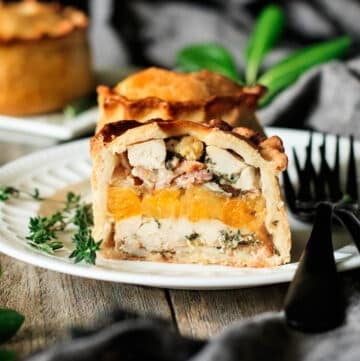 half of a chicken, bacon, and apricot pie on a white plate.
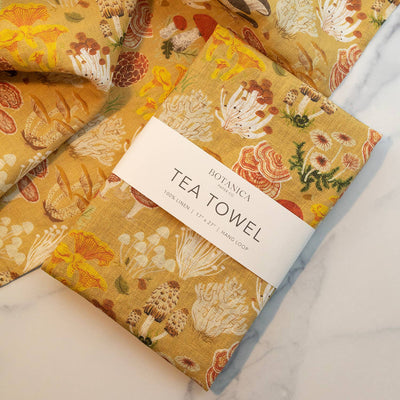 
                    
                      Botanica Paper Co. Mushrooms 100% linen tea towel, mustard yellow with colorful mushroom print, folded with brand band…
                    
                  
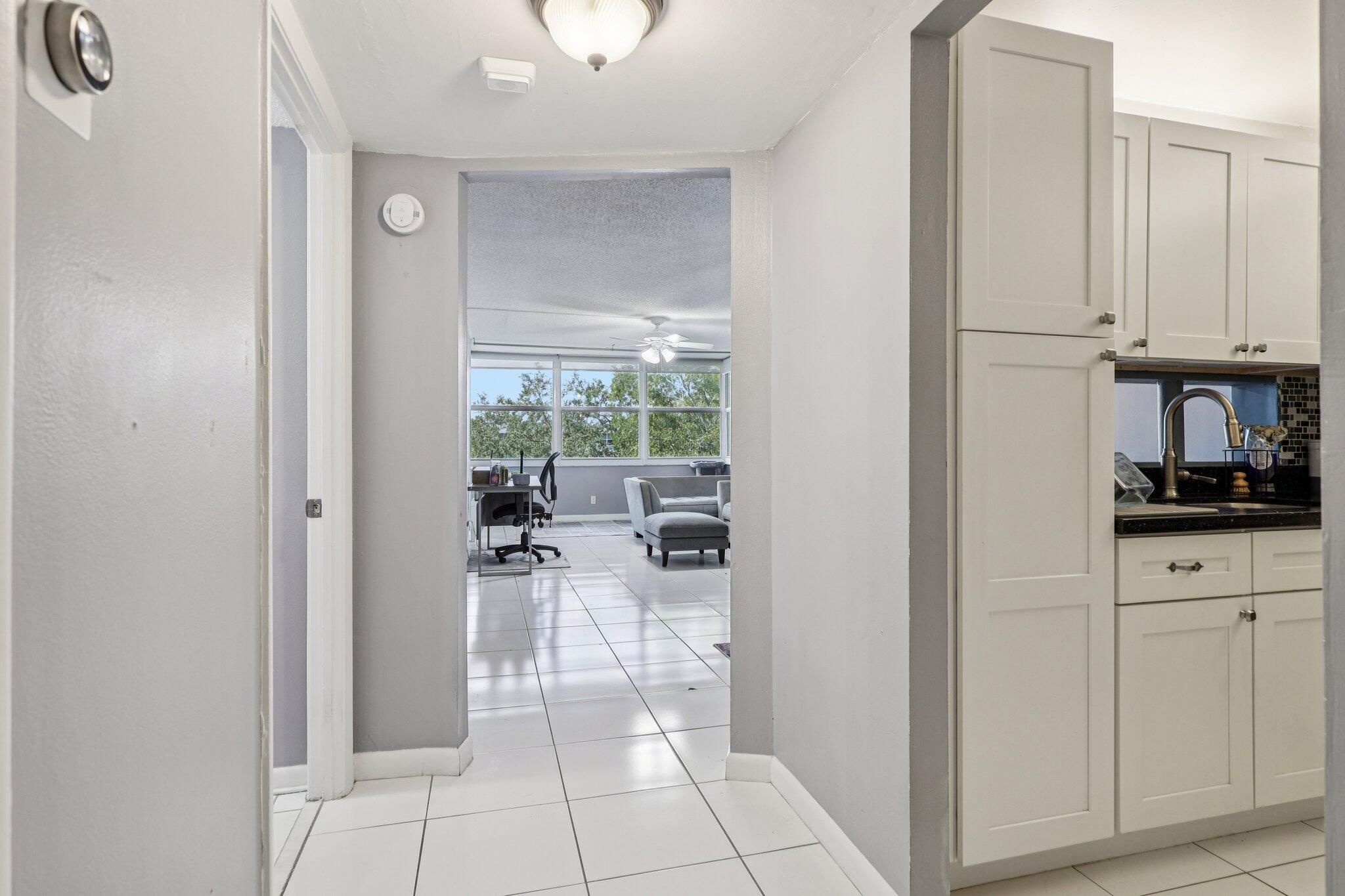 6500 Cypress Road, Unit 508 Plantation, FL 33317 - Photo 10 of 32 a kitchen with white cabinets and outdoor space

* _What you have to do_: Your task is to restate word for word the lines from the top of the data to the line containing "Botanica Paper Co.", both ends included, with every picture left out.

* _Exercise response_:
 half of a chicken, bacon, and apricot pie on a white plate.
                    
                      Botanica Paper Co. Mushrooms 100% linen tea towel, mustard yellow with colorful mushroom print, folded with brand band…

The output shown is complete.